**DATASET RECORDS:**
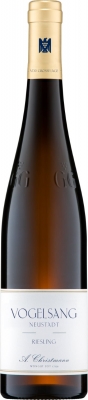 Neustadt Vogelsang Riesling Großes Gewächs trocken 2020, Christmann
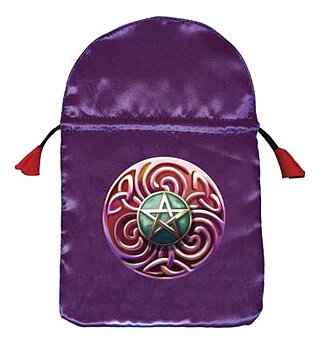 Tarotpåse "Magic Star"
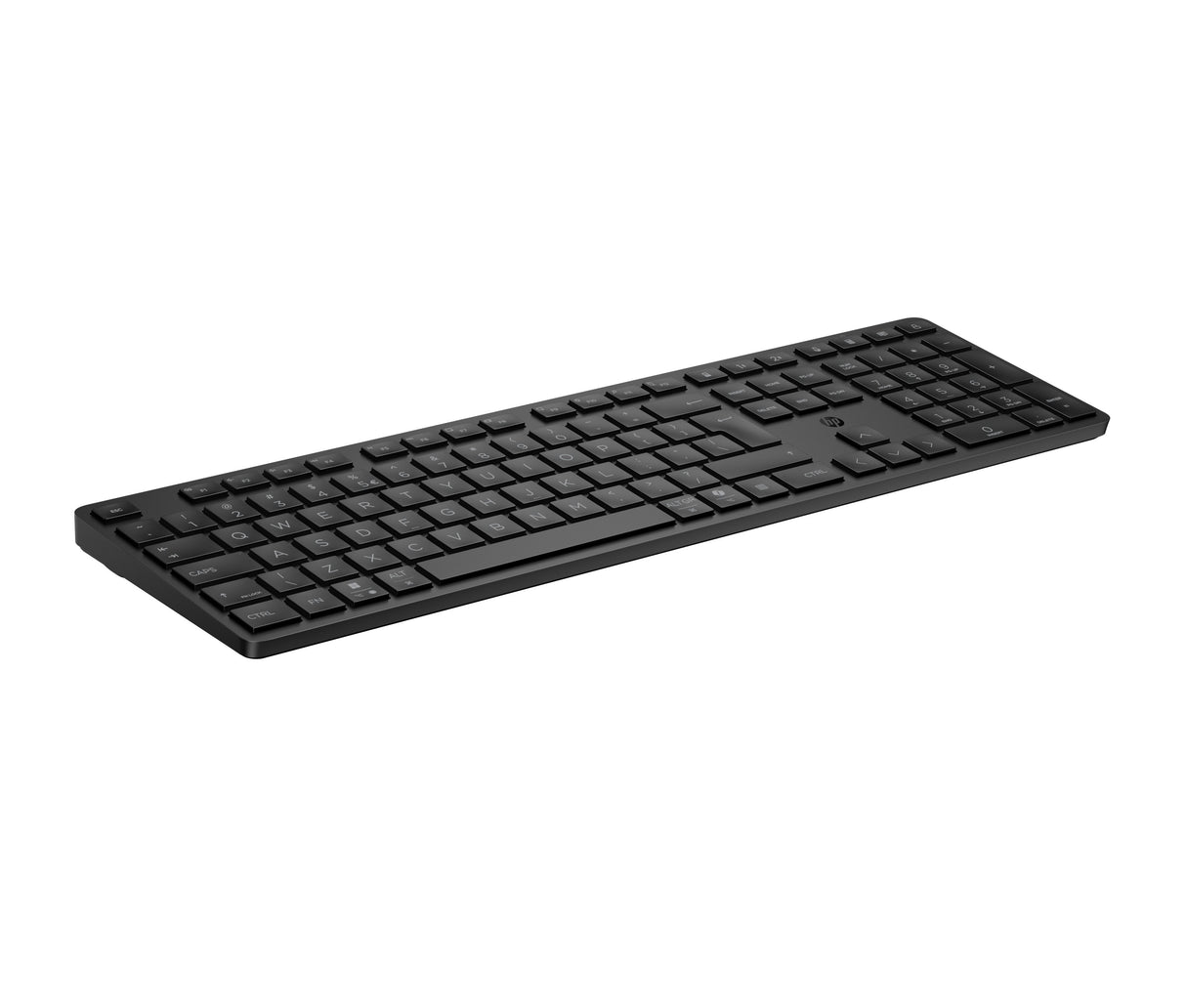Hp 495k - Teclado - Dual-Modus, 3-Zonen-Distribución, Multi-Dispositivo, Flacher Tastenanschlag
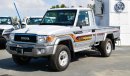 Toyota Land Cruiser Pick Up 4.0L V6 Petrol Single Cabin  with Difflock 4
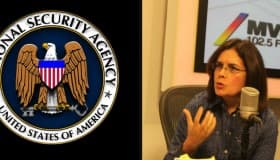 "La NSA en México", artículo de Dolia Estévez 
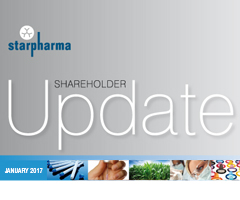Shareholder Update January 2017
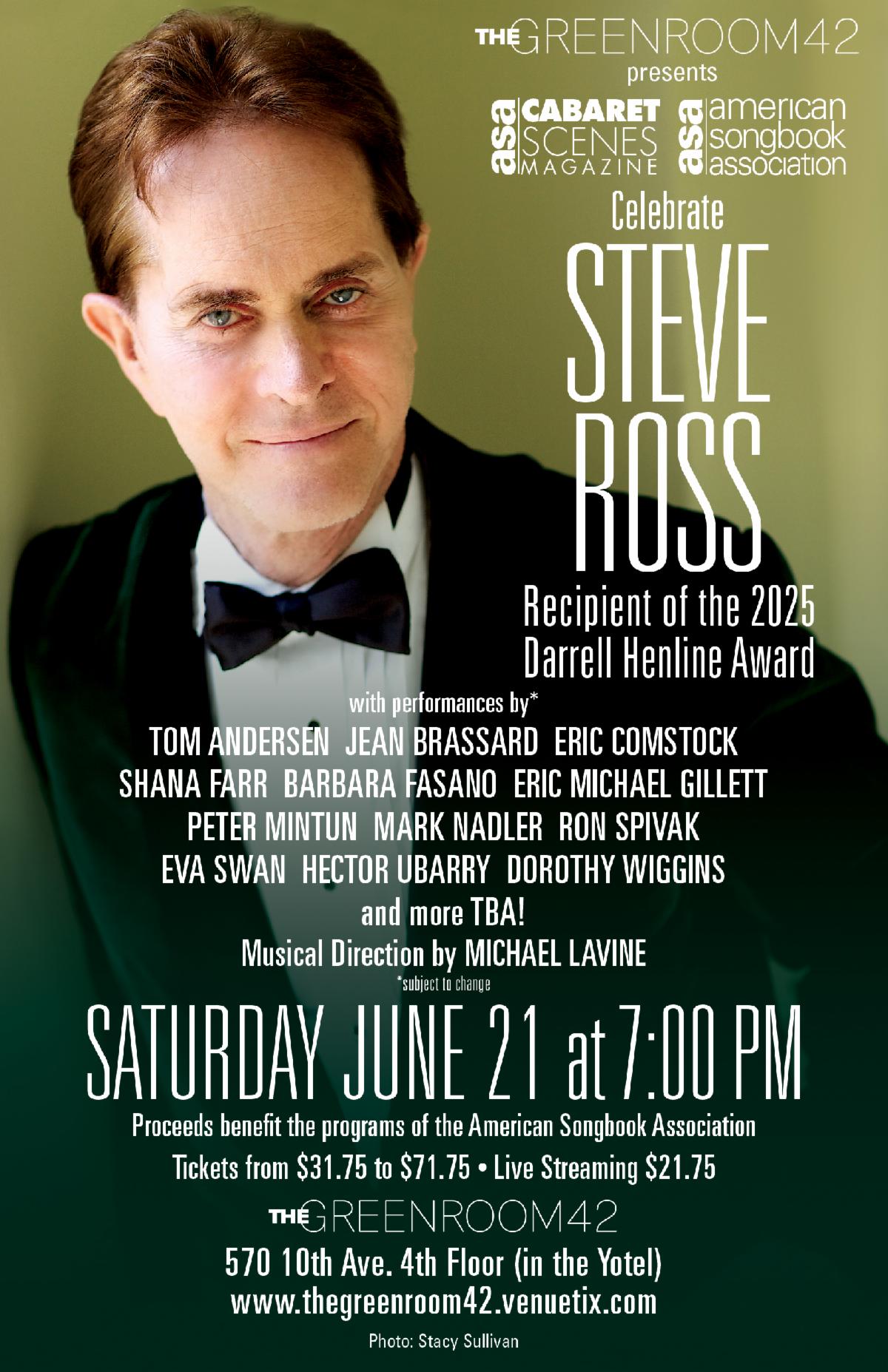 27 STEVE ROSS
* * *
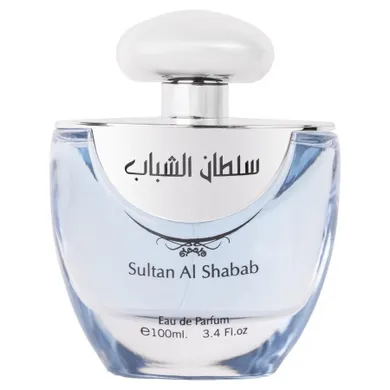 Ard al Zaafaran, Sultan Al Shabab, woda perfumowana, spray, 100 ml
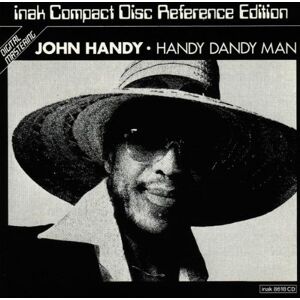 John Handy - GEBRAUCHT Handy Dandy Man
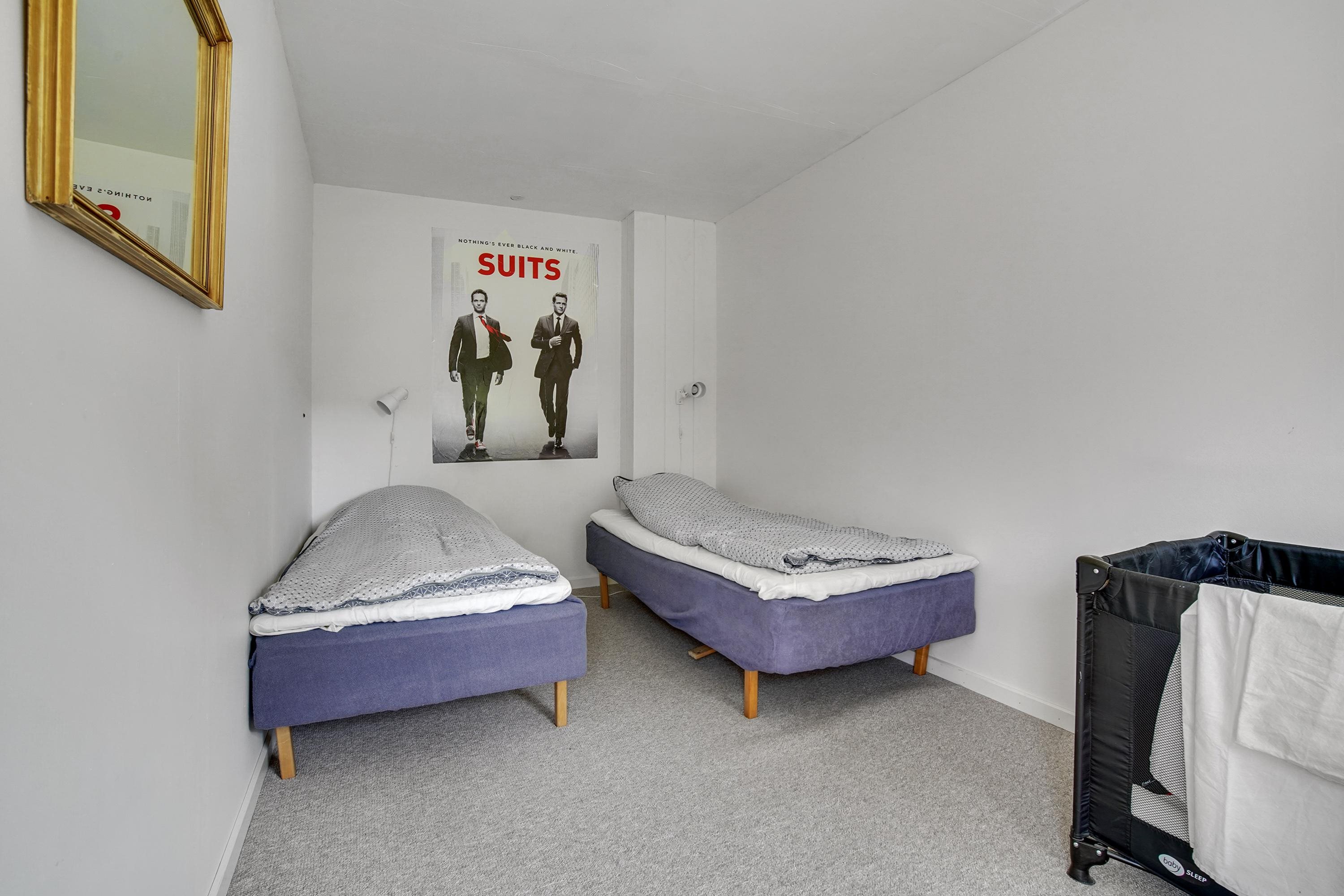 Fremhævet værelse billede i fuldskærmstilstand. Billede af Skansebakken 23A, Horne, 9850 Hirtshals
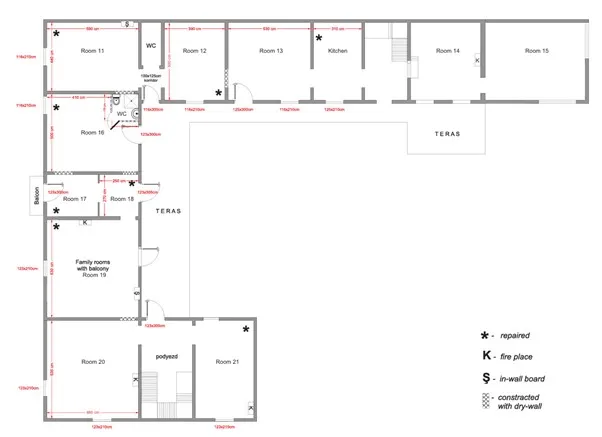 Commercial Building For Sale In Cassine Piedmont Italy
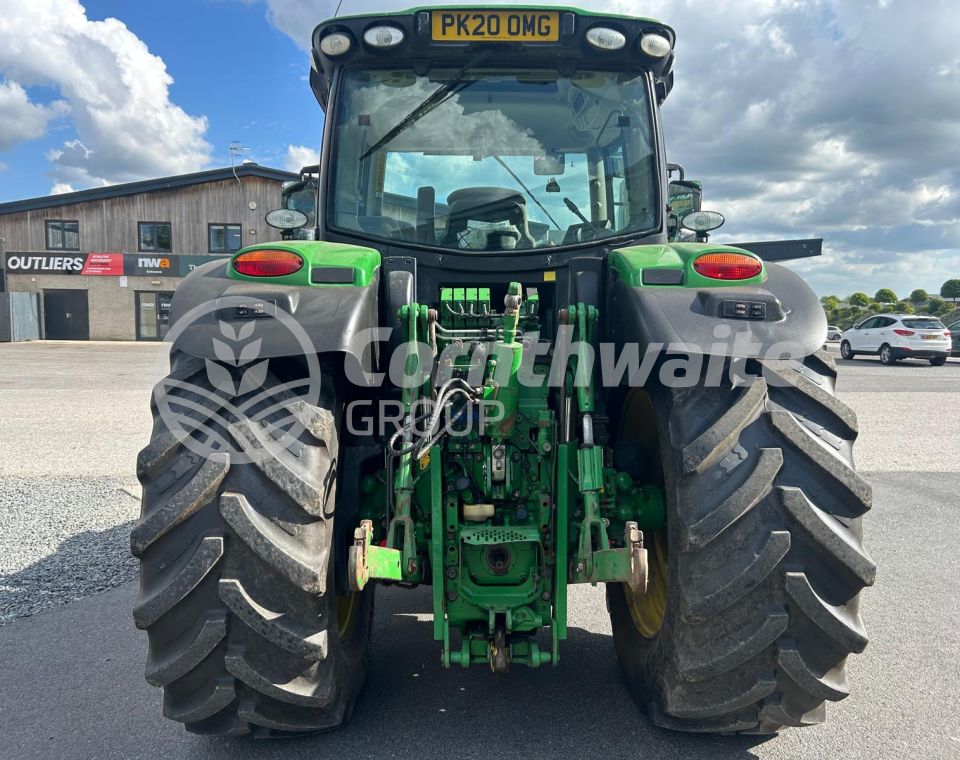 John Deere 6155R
---
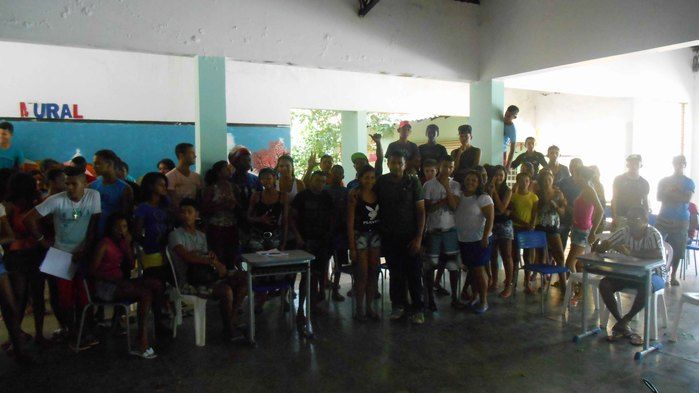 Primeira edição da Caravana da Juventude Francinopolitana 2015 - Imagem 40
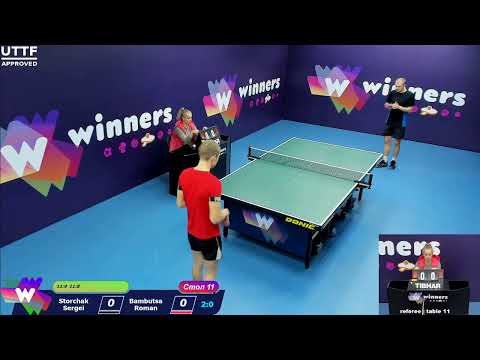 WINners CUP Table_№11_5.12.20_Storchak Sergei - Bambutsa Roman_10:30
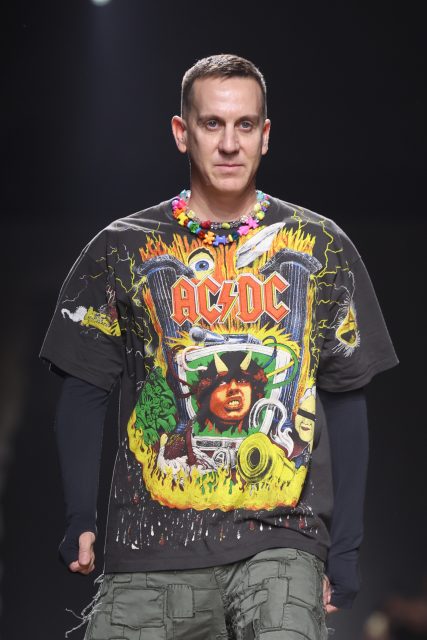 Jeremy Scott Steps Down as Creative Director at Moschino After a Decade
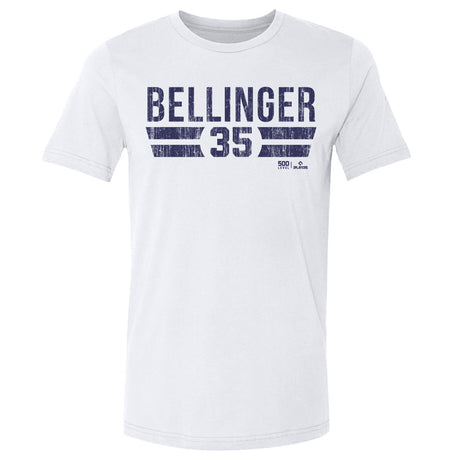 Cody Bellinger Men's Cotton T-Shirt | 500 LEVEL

**REQUIRED WORK:**
A clean copy is needed of the lines in the listing above from the one with "Neustadt Vogelsang Riesling" through the one with "27 STEVE ROSS", exact in every word and free of pictures.

**SOLUTION TO THE PROBLEM:**
 Neustadt Vogelsang Riesling Großes Gewächs trocken 2020, Christmann
 Tarotpåse "Magic Star"
Hp 495k - Teclado - Dual-Modus, 3-Zonen-Distribución, Multi-Dispositivo, Flacher Tastenanschlag
 Toyota Land Cruiser Pick Up 4.0L V6 Petrol Single Cabin  with Difflock 4
 "La NSA en México", artículo de Dolia Estévez 
Shareholder Update January 2017
 27 STEVE ROSS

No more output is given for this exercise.